TRY IT »
Word for word, write the lines below out again, with no pictures.

COLLECTED DATA »
───

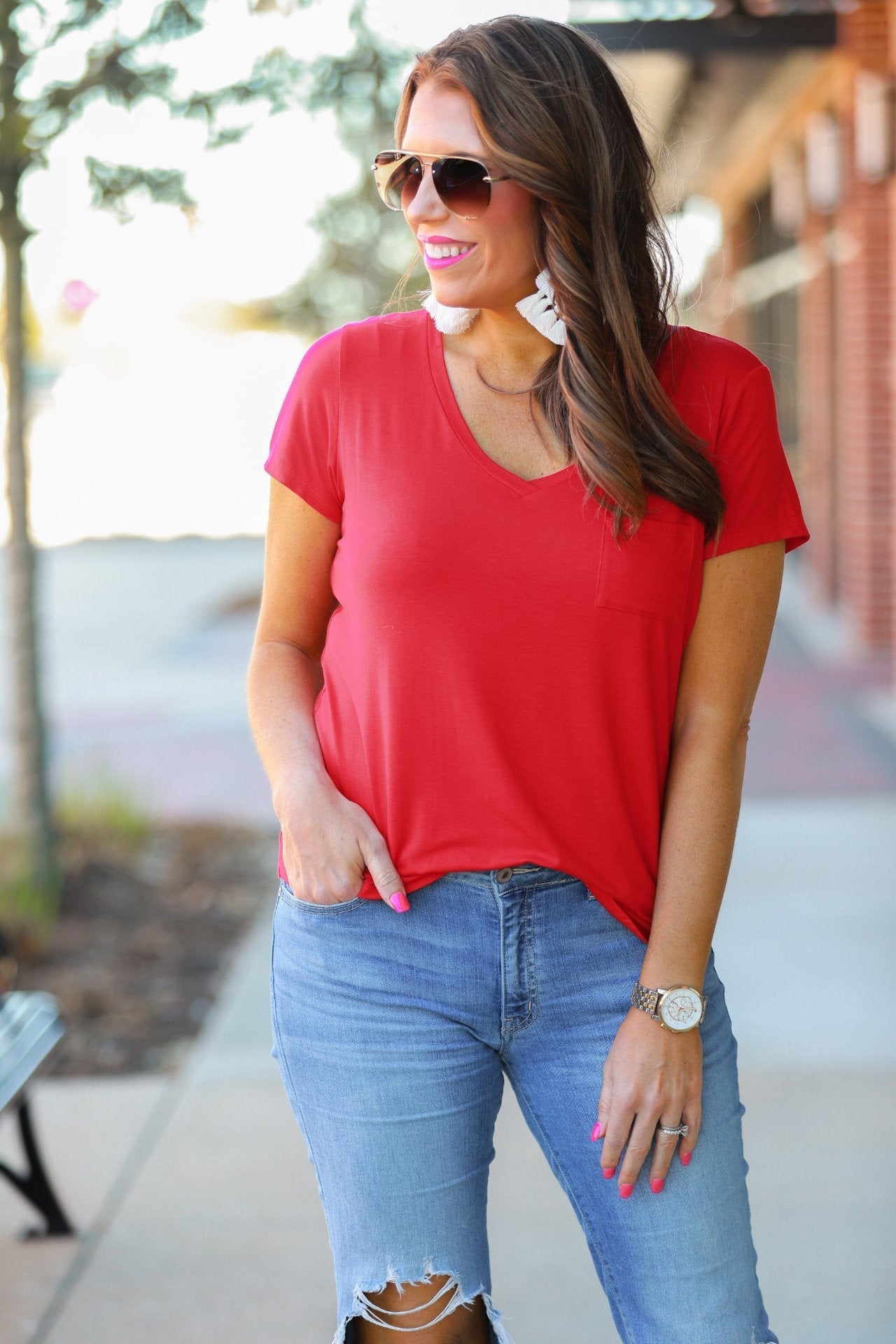 Jess Lea Basic Pocket Tee - Jess Lea Wholesale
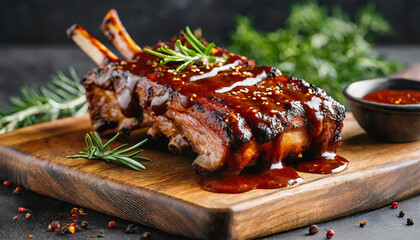 Barbeque sauce on smoked ribs, on a wooden board.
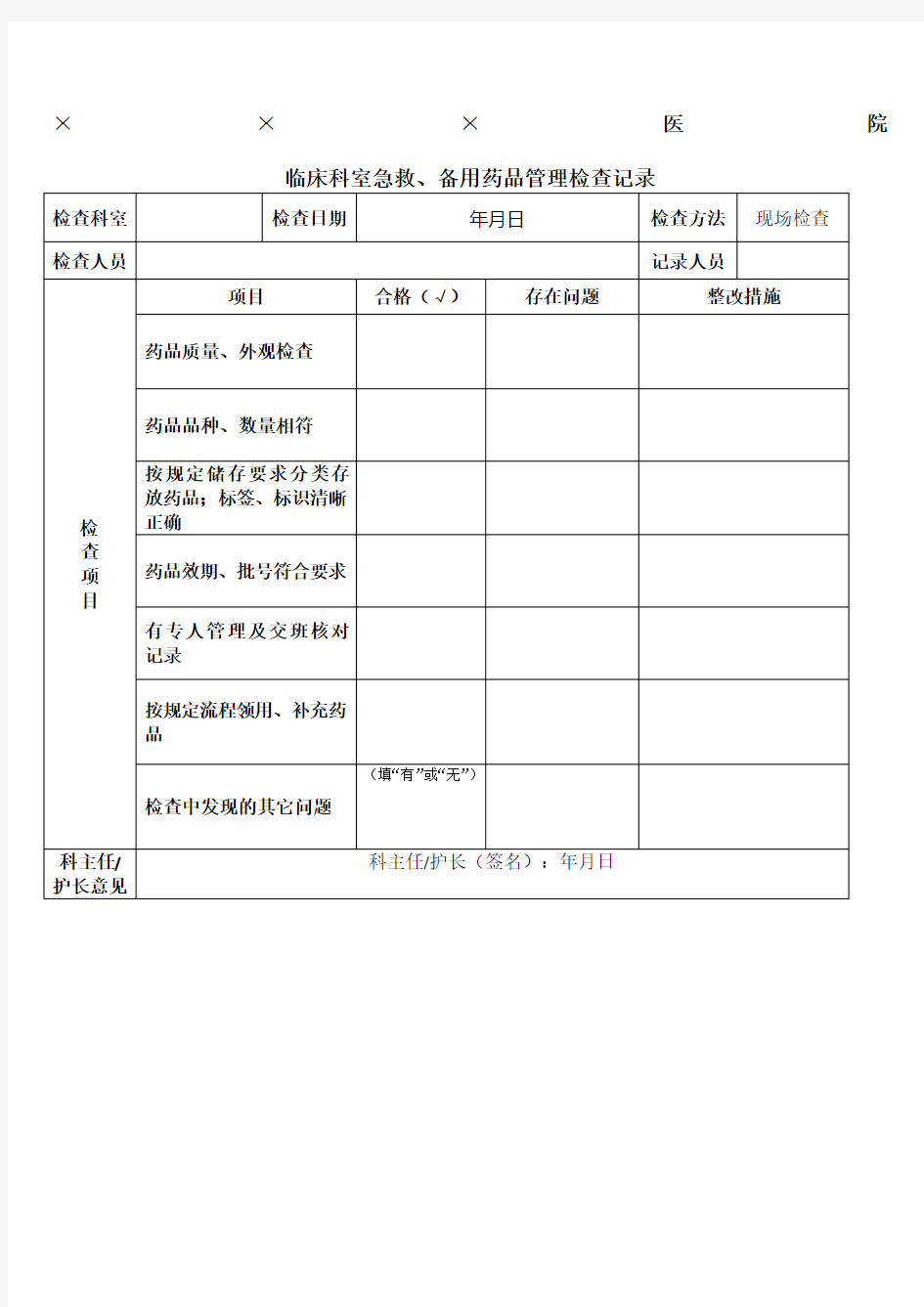 备用急救药品管理检查记录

───

REPLY »
 Jess Lea Basic Pocket Tee - Jess Lea Wholesale
 Barbeque sauce on smoked ribs, on a wooden board.
 备用急救药品管理检查记录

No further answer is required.